**PROBLEM STATEMENT**
Give back an exact copy of the lines below, from the first through the line with "Super Cute Taken"; please stop there.

**RECORDS SHOWN**
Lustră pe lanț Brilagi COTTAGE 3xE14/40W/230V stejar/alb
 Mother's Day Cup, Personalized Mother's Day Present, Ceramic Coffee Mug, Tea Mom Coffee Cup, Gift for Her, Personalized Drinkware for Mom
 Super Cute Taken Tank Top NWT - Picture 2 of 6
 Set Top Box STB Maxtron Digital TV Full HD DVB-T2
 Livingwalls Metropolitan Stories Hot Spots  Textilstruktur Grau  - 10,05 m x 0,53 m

**REPLY TO THE EXERCISE**
Lustră pe lanț Brilagi COTTAGE 3xE14/40W/230V stejar/alb
 Mother's Day Cup, Personalized Mother's Day Present, Ceramic Coffee Mug, Tea Mom Coffee Cup, Gift for Her, Personalized Drinkware for Mom
 Super Cute Taken Tank Top NWT - Picture 2 of 6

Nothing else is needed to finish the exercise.